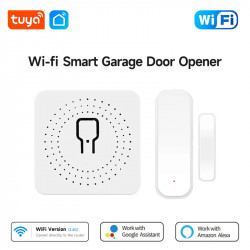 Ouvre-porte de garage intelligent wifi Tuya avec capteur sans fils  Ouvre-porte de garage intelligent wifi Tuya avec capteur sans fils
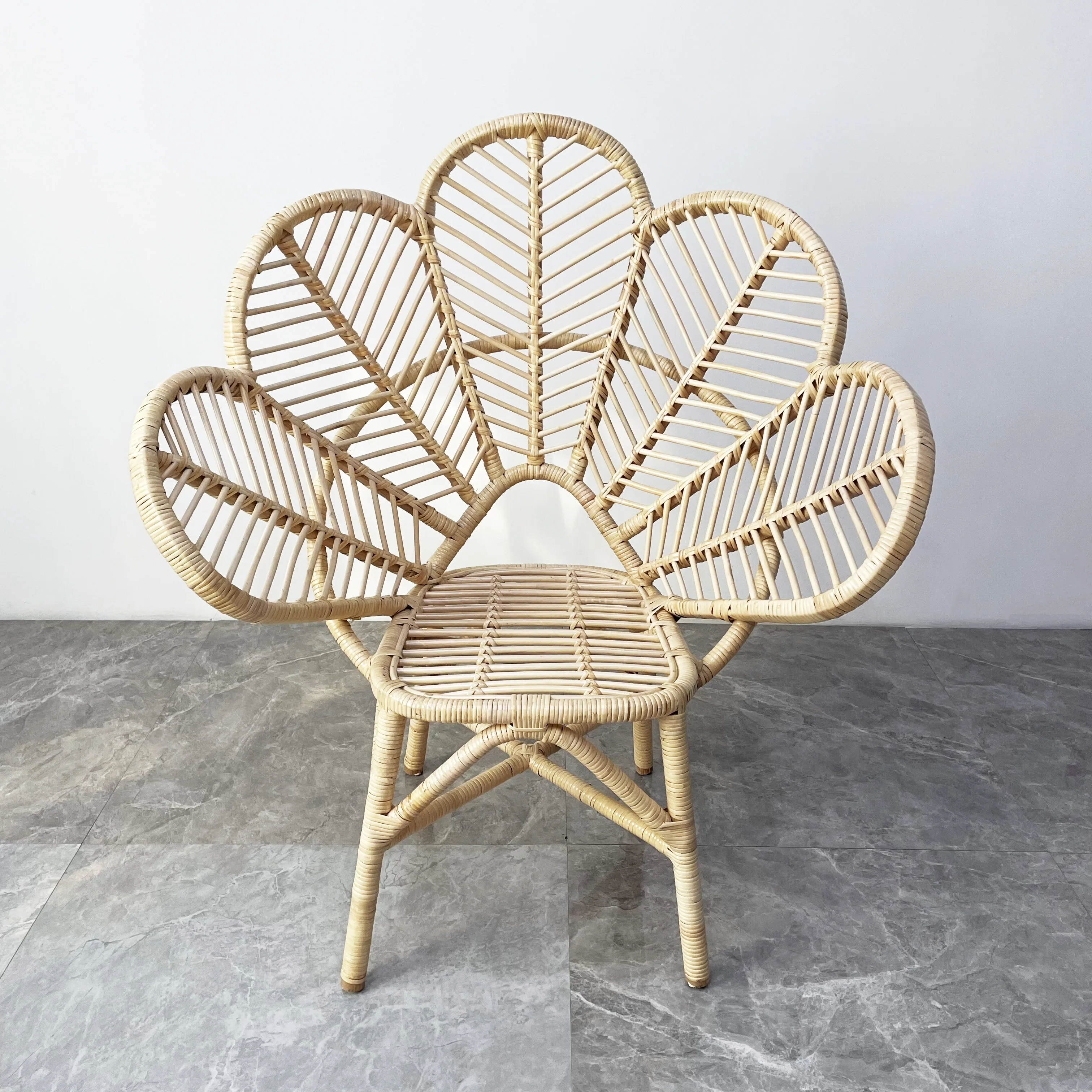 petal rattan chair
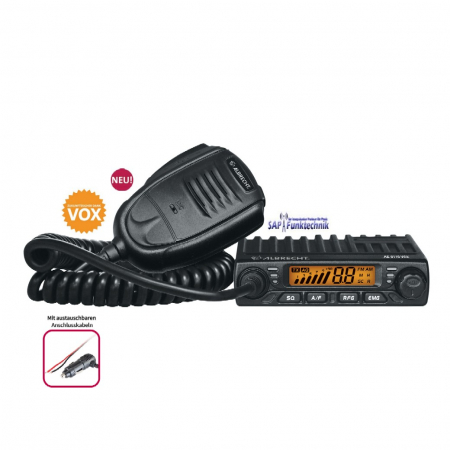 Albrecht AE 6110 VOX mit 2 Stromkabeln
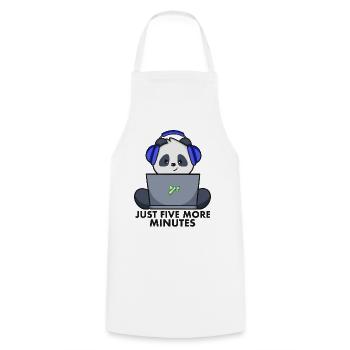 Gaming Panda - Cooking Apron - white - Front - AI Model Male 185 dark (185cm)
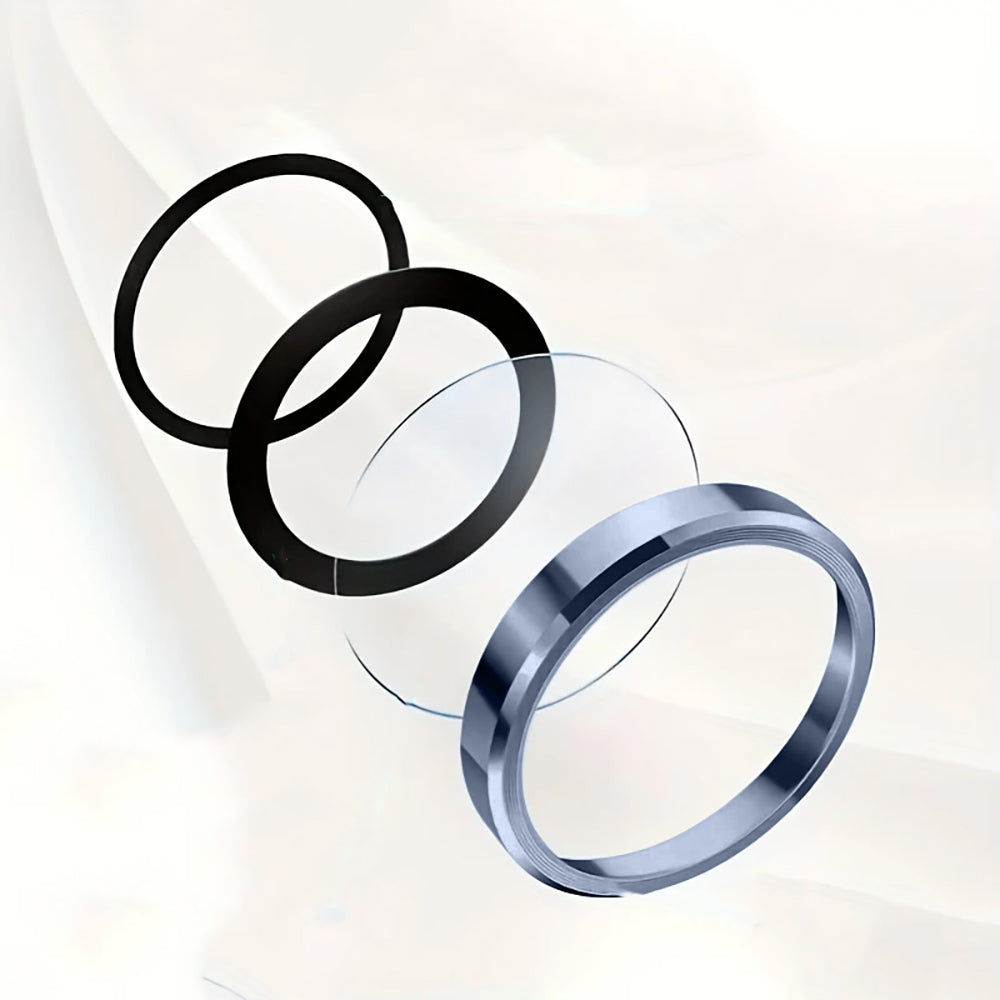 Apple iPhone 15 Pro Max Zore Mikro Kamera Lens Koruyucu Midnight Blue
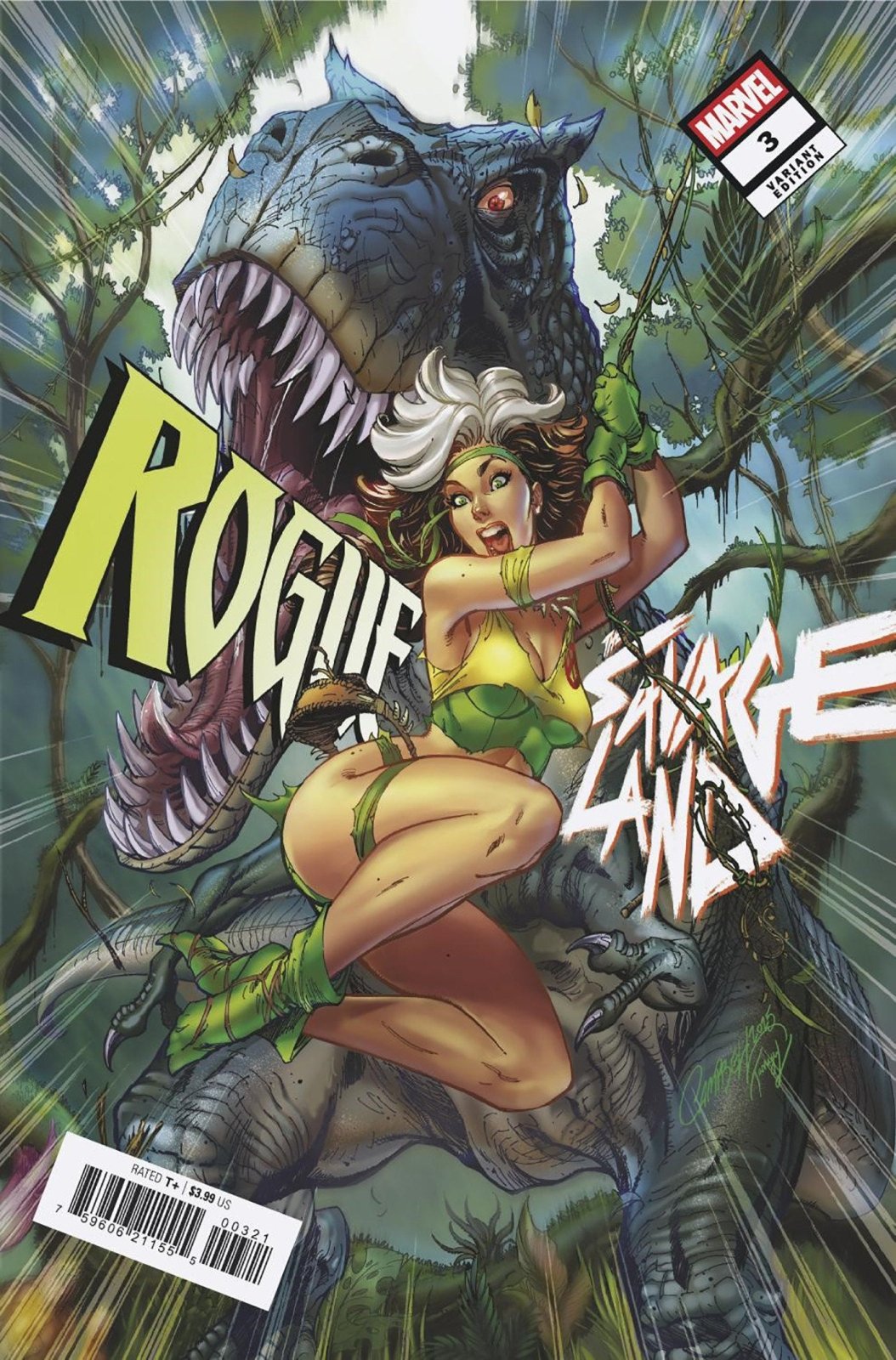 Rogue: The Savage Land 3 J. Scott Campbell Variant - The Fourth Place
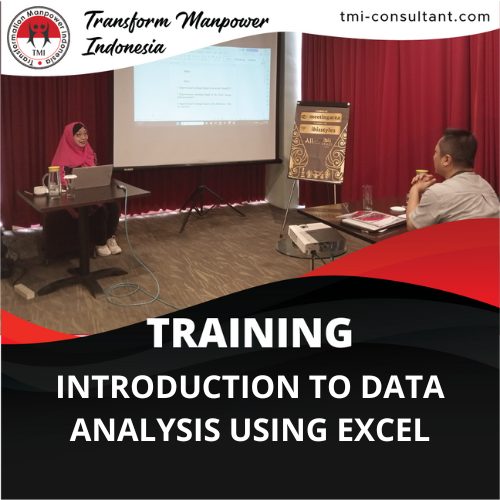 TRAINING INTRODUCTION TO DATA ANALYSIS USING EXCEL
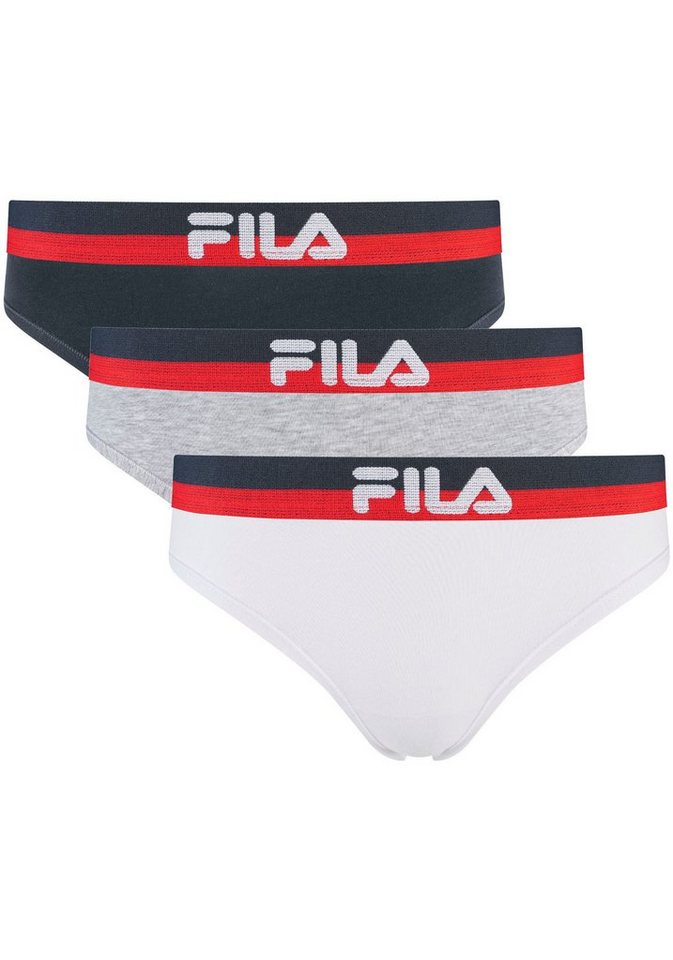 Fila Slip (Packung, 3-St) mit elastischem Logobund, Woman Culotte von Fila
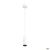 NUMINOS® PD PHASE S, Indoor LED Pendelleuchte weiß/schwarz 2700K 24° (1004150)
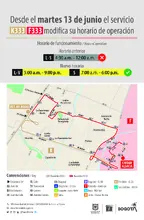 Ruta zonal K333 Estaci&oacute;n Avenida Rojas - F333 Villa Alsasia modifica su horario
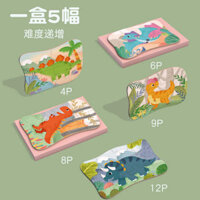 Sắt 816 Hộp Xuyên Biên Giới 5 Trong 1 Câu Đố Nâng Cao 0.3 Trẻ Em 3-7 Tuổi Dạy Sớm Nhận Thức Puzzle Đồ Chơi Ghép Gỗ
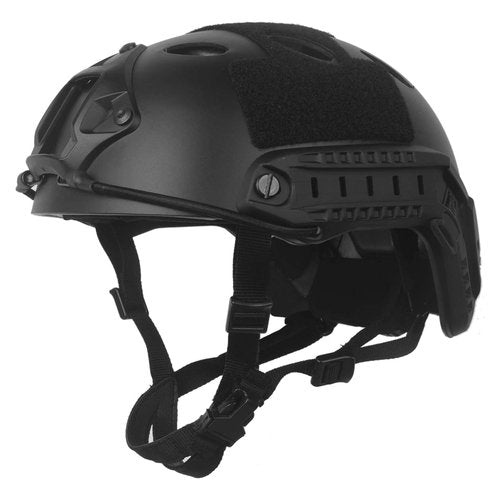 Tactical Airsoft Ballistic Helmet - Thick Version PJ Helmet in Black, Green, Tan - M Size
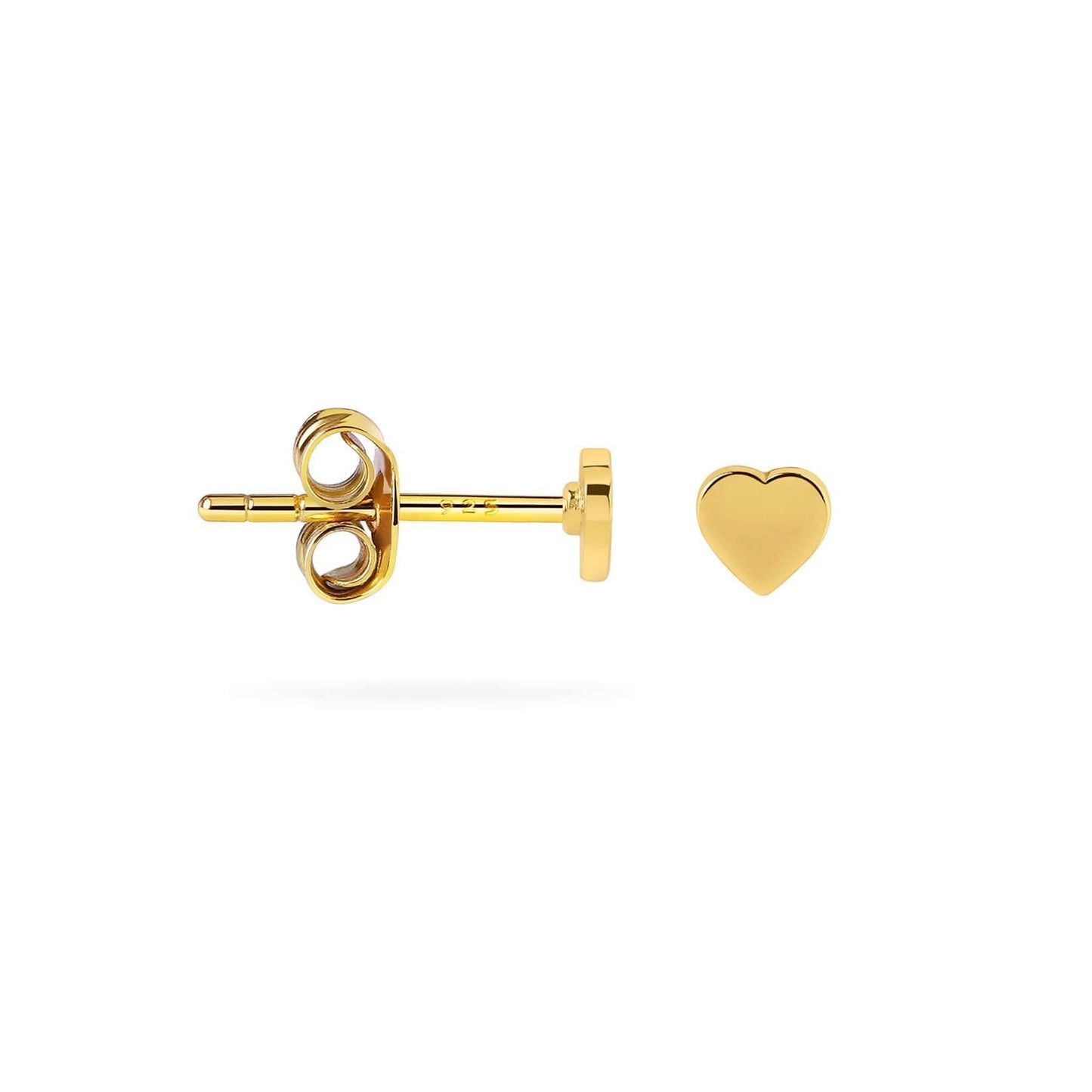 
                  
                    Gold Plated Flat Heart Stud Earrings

______

Directions: From the line containing "Tactical Airsoft Ballistic" through the last line of the records above, reproduce every line exactly, leaving out the pictures.

Exercise output:
 Tactical Airsoft Ballistic Helmet - Thick Version PJ Helmet in Black, Green, Tan - M Size
                  
                    Gold Plated Flat Heart Stud Earrings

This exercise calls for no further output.